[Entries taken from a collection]
:::::

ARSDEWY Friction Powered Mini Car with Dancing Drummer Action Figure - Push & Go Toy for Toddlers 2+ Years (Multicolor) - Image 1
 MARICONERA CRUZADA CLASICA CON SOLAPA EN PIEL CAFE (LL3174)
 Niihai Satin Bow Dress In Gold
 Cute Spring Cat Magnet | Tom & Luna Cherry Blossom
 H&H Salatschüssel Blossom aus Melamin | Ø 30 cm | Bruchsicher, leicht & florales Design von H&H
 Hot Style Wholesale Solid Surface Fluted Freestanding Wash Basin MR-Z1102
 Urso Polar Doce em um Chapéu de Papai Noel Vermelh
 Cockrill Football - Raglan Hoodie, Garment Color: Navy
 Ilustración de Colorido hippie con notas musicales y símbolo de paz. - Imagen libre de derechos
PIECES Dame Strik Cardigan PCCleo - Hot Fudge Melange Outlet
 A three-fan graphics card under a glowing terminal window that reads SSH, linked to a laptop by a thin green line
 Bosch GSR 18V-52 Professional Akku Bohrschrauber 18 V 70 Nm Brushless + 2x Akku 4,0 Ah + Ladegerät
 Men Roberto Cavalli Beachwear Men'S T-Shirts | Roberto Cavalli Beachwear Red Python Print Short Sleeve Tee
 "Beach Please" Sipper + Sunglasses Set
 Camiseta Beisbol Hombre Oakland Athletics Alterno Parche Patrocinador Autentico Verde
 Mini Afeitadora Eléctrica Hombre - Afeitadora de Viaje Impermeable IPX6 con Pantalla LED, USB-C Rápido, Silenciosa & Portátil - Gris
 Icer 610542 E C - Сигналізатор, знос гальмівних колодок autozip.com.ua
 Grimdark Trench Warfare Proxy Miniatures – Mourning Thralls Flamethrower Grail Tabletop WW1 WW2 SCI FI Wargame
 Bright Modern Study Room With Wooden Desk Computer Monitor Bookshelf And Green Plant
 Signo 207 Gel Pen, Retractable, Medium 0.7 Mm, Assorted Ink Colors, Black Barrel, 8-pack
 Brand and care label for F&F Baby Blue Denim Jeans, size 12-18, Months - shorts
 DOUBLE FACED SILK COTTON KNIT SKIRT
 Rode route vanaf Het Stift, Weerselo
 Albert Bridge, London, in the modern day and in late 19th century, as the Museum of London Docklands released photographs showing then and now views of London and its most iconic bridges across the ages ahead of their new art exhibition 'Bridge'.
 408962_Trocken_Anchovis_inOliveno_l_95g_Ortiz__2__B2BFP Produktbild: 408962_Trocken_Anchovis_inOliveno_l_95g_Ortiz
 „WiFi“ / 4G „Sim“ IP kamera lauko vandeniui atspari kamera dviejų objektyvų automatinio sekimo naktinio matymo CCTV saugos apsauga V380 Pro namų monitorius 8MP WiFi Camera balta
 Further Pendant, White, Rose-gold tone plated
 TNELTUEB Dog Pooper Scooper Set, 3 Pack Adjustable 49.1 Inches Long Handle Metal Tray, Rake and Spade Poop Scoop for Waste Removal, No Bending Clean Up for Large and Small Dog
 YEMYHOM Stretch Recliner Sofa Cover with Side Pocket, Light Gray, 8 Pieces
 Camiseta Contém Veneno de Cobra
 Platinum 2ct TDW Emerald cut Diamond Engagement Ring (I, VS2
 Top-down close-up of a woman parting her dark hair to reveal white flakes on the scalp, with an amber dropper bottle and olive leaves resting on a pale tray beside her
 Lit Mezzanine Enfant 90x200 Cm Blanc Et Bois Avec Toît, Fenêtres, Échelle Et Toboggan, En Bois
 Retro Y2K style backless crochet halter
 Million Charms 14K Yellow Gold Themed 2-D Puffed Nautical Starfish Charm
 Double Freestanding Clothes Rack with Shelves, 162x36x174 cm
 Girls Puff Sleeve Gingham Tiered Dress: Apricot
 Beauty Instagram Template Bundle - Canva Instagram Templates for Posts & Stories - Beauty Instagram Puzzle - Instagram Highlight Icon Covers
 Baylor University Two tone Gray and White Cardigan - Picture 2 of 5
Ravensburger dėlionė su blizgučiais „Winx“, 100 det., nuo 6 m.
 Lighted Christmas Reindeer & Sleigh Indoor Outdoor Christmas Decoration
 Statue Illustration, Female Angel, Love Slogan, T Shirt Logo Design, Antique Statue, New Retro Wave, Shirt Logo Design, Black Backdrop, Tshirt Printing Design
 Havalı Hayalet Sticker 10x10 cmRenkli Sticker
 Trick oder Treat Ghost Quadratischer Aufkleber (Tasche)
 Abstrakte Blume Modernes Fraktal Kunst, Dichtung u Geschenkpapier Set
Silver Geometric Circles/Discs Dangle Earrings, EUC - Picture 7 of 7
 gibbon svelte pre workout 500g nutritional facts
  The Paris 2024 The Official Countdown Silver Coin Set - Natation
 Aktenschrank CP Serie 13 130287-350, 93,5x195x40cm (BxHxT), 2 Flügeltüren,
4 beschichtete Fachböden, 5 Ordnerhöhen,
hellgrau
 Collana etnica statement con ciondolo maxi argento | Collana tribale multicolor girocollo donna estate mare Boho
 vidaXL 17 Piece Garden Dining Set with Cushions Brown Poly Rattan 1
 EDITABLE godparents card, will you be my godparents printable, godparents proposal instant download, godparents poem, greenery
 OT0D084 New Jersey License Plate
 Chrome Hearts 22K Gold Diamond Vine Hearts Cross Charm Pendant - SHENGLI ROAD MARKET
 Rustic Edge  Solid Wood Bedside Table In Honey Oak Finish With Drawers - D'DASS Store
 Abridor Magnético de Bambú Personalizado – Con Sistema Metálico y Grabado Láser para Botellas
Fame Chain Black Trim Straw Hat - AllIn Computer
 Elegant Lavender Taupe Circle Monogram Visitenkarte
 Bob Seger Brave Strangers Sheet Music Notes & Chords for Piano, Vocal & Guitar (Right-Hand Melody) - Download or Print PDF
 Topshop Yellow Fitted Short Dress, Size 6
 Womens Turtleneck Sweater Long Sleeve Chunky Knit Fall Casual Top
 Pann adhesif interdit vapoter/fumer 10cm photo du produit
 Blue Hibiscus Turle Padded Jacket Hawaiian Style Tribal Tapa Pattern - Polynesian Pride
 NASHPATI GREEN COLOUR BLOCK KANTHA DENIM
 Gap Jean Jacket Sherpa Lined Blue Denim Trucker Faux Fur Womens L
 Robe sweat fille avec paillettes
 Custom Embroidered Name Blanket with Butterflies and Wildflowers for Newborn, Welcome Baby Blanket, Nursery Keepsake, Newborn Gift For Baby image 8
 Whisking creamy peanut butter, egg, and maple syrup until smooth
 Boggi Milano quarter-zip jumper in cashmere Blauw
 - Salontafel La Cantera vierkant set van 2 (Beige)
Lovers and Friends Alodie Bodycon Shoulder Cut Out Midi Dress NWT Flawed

:::::

## [Task prompt]
All that is wanted is the stretch of lines above from the one containing "Statue Illustration, Female" through the one containing "Topshop Yellow Fitted Short Dress, Size 6", duplicated exactly.

## [Output of the exercise]
 Statue Illustration, Female Angel, Love Slogan, T Shirt Logo Design, Antique Statue, New Retro Wave, Shirt Logo Design, Black Backdrop, Tshirt Printing Design
 Havalı Hayalet Sticker 10x10 cmRenkli Sticker
 Trick oder Treat Ghost Quadratischer Aufkleber (Tasche)
 Abstrakte Blume Modernes Fraktal Kunst, Dichtung u Geschenkpapier Set
Silver Geometric Circles/Discs Dangle Earrings, EUC - Picture 7 of 7
 gibbon svelte pre workout 500g nutritional facts
  The Paris 2024 The Official Countdown Silver Coin Set - Natation
 Aktenschrank CP Serie 13 130287-350, 93,5x195x40cm (BxHxT), 2 Flügeltüren,
4 beschichtete Fachböden, 5 Ordnerhöhen,
hellgrau
 Collana etnica statement con ciondolo maxi argento | Collana tribale multicolor girocollo donna estate mare Boho
 vidaXL 17 Piece Garden Dining Set with Cushions Brown Poly Rattan 1
 EDITABLE godparents card, will you be my godparents printable, godparents proposal instant download, godparents poem, greenery
 OT0D084 New Jersey License Plate
 Chrome Hearts 22K Gold Diamond Vine Hearts Cross Charm Pendant - SHENGLI ROAD MARKET
 Rustic Edge  Solid Wood Bedside Table In Honey Oak Finish With Drawers - D'DASS Store
 Abridor Magnético de Bambú Personalizado – Con Sistema Metálico y Grabado Láser para Botellas
Fame Chain Black Trim Straw Hat - AllIn Computer
 Elegant Lavender Taupe Circle Monogram Visitenkarte
 Bob Seger Brave Strangers Sheet Music Notes & Chords for Piano, Vocal & Guitar (Right-Hand Melody) - Download or Print PDF
 Topshop Yellow Fitted Short Dress, Size 6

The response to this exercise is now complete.